§ **Task instructions**
Among the entries below, take the line with "Sömlöst mönster med" and the line with "Single story Summerlin", and output them and every line between them exactly, with nothing else.

§ **Information shown**
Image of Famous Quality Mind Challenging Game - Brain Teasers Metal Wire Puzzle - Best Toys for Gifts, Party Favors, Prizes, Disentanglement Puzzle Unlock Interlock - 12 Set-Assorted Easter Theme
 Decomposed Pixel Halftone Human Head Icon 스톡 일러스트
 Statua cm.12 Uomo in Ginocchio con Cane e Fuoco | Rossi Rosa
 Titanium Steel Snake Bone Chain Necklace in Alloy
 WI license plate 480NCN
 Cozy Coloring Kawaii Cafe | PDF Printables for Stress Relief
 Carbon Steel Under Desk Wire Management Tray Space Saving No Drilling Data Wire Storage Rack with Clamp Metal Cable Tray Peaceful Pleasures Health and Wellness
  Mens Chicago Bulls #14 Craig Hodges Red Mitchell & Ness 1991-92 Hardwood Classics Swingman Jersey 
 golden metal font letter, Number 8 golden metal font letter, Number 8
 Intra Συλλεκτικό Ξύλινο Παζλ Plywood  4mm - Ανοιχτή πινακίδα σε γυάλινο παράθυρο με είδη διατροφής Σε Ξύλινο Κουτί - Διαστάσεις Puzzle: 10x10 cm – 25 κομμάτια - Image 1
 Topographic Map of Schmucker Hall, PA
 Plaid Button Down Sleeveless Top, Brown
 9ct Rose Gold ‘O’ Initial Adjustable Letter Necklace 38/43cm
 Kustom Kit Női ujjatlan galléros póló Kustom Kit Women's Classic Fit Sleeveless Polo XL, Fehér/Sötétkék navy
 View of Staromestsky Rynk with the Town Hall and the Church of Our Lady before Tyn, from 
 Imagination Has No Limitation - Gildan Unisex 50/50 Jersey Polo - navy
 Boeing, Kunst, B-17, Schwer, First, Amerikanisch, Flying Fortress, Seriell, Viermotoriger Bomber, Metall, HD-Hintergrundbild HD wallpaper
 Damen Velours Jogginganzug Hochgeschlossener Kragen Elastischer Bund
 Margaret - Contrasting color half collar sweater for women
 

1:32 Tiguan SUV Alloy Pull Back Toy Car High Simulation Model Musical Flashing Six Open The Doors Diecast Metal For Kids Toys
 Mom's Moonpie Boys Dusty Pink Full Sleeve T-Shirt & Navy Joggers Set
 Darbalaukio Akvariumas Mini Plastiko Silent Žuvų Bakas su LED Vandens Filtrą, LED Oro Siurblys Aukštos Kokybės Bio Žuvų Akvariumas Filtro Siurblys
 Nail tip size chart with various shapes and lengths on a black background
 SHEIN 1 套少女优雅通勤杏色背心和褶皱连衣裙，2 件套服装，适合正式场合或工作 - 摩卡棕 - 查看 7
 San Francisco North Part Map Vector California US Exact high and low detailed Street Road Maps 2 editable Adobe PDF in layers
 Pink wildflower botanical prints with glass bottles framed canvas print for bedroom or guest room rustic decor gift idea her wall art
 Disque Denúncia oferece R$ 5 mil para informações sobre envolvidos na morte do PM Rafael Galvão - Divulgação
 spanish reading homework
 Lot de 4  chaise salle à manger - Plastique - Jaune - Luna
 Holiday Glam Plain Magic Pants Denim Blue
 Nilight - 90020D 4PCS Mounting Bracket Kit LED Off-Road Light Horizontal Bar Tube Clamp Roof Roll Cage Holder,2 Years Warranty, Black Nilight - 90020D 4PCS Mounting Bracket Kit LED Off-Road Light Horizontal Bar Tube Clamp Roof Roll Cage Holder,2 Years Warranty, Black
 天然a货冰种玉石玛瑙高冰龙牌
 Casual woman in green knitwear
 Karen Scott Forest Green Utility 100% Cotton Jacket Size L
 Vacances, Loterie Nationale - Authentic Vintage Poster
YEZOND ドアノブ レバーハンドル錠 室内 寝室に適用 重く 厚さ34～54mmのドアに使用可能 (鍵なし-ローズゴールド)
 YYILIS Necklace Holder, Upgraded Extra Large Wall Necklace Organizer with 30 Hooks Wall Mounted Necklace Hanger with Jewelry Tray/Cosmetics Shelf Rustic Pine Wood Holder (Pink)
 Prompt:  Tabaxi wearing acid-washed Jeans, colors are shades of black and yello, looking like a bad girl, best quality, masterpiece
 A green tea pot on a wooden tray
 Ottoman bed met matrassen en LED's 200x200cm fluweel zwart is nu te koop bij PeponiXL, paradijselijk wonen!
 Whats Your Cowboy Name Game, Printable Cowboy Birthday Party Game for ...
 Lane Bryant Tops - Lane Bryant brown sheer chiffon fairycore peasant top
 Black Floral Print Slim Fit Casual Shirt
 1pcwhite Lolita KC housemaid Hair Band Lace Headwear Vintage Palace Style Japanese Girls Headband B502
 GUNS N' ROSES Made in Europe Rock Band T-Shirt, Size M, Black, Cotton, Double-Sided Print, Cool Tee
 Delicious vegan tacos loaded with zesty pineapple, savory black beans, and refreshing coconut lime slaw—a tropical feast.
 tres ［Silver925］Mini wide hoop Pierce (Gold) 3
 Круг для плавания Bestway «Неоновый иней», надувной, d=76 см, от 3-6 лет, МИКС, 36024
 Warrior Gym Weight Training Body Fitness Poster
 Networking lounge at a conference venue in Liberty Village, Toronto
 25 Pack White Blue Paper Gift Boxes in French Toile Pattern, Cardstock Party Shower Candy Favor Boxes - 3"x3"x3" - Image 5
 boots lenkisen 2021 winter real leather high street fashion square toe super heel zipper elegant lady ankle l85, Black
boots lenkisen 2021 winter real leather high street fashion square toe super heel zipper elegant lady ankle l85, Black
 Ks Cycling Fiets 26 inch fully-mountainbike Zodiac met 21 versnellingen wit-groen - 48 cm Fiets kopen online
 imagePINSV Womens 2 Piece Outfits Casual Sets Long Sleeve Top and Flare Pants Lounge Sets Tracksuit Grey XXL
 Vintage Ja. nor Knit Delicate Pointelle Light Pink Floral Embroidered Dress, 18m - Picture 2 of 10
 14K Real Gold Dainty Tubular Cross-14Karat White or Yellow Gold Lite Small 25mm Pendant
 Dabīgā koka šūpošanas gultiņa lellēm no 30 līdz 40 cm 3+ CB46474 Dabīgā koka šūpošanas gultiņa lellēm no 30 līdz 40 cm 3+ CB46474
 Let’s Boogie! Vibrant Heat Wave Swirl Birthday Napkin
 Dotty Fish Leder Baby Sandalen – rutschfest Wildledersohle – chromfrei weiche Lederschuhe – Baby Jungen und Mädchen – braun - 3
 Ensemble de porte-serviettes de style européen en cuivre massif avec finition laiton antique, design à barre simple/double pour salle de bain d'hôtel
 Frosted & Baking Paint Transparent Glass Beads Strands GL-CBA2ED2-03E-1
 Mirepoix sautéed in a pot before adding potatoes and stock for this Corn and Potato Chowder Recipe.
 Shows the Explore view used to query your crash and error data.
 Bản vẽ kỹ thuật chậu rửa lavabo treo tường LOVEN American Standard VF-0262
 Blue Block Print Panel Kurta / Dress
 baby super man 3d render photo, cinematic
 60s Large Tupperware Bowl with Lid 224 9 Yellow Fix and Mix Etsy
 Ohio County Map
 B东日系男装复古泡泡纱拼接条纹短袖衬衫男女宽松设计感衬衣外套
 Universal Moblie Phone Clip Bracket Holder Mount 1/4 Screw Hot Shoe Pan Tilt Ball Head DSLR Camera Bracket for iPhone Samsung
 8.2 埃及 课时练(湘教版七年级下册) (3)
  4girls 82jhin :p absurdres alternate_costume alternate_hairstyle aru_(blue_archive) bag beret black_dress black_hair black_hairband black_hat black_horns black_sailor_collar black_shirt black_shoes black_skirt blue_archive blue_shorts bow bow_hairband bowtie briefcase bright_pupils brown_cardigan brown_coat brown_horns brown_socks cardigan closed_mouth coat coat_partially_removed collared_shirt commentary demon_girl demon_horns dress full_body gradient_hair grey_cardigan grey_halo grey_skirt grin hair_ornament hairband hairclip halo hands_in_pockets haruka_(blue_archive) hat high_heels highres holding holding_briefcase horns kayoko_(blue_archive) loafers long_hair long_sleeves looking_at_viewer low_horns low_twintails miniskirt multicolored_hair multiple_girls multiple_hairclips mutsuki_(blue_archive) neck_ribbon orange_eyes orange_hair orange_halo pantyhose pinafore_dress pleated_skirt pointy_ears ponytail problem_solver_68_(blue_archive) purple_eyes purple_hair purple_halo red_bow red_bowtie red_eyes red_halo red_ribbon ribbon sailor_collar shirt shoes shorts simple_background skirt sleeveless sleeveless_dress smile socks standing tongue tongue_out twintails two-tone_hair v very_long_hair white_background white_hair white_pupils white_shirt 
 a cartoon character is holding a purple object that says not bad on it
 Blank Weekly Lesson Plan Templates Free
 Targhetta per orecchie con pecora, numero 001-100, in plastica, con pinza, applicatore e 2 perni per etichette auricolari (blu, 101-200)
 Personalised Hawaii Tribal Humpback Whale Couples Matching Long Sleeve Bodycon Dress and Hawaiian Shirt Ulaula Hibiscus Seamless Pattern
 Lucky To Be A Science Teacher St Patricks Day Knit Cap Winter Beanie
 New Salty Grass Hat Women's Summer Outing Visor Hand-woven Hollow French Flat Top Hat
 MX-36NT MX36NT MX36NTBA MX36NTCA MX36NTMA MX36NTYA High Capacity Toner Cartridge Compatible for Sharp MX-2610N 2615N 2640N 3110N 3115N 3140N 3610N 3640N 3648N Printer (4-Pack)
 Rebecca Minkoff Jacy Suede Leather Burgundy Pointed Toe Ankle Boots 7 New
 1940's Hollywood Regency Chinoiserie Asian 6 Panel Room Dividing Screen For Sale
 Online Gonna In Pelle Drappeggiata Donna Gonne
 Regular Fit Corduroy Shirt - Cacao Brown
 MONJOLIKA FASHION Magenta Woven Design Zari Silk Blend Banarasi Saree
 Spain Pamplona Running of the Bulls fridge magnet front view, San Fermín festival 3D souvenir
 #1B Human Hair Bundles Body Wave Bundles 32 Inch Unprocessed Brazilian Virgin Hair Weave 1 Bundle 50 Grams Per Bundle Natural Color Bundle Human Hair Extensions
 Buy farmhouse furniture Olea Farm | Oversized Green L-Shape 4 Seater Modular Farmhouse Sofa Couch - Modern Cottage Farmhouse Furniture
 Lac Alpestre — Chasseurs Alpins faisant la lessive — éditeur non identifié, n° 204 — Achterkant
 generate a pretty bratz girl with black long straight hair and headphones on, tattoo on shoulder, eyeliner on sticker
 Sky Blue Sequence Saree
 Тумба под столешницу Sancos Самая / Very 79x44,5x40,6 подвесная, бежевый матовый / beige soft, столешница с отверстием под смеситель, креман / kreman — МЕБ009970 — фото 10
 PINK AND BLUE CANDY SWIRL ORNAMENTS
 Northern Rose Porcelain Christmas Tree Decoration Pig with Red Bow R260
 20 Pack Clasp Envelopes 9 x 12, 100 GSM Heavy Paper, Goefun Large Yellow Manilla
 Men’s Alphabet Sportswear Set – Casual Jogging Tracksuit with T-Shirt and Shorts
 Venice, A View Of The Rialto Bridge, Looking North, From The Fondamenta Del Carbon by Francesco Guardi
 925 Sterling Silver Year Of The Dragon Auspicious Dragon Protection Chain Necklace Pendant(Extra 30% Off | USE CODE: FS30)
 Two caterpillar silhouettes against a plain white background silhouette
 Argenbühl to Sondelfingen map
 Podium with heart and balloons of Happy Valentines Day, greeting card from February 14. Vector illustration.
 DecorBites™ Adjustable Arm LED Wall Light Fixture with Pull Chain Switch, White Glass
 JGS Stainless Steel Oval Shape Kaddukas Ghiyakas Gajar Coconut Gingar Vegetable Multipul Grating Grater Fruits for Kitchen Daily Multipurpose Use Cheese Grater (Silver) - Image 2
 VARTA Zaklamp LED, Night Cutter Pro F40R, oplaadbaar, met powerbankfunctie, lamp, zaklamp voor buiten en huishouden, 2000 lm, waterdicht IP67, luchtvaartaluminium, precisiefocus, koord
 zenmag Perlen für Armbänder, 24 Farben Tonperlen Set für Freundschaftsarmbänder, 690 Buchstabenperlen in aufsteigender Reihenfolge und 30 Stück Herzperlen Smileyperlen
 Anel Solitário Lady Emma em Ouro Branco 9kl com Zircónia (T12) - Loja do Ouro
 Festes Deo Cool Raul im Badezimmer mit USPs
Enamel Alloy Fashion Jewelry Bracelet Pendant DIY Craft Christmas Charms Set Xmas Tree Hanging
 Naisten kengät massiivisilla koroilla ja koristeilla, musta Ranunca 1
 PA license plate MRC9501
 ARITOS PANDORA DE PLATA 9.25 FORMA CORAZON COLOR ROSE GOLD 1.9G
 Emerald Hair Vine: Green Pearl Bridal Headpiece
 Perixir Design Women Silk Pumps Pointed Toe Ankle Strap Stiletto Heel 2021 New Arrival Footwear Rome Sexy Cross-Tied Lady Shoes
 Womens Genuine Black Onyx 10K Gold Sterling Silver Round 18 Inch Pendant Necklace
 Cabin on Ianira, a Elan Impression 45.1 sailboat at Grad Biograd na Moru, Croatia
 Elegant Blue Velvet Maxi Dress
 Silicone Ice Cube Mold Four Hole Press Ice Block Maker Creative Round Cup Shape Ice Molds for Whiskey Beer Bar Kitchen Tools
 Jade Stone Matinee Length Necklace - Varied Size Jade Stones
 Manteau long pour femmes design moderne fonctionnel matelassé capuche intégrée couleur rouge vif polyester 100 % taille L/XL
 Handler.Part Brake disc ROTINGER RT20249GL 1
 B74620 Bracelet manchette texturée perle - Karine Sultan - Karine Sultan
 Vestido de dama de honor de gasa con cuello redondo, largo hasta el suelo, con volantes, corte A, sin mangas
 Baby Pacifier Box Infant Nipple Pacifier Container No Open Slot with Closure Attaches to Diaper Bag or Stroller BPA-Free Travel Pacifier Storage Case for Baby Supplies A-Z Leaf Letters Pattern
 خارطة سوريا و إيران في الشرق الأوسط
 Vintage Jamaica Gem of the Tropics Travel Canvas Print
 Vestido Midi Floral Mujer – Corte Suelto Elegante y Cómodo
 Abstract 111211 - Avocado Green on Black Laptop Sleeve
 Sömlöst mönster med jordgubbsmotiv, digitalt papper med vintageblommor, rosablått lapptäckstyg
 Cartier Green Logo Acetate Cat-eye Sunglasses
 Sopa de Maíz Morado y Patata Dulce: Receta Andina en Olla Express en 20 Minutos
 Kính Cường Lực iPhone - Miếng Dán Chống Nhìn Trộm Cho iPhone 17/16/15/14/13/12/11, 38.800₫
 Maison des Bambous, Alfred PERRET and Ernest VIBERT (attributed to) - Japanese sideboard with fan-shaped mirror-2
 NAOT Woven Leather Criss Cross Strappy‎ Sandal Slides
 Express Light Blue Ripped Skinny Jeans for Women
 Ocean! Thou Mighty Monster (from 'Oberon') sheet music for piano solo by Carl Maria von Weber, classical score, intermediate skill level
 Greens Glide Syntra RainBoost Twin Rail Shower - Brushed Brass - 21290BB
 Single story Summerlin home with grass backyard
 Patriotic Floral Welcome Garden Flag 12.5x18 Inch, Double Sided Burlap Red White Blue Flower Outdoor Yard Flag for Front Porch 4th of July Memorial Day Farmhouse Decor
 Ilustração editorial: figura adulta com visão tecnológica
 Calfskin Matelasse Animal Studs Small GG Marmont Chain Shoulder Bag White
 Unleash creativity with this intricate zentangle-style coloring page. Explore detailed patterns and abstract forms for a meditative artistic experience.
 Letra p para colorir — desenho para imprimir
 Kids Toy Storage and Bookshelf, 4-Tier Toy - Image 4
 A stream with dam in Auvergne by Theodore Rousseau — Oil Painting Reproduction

§ **Your response**
 Sömlöst mönster med jordgubbsmotiv, digitalt papper med vintageblommor, rosablått lapptäckstyg
 Cartier Green Logo Acetate Cat-eye Sunglasses
 Sopa de Maíz Morado y Patata Dulce: Receta Andina en Olla Express en 20 Minutos
 Kính Cường Lực iPhone - Miếng Dán Chống Nhìn Trộm Cho iPhone 17/16/15/14/13/12/11, 38.800₫
 Maison des Bambous, Alfred PERRET and Ernest VIBERT (attributed to) - Japanese sideboard with fan-shaped mirror-2
 NAOT Woven Leather Criss Cross Strappy‎ Sandal Slides
 Express Light Blue Ripped Skinny Jeans for Women
 Ocean! Thou Mighty Monster (from 'Oberon') sheet music for piano solo by Carl Maria von Weber, classical score, intermediate skill level
 Greens Glide Syntra RainBoost Twin Rail Shower - Brushed Brass - 21290BB
 Single story Summerlin home with grass backyard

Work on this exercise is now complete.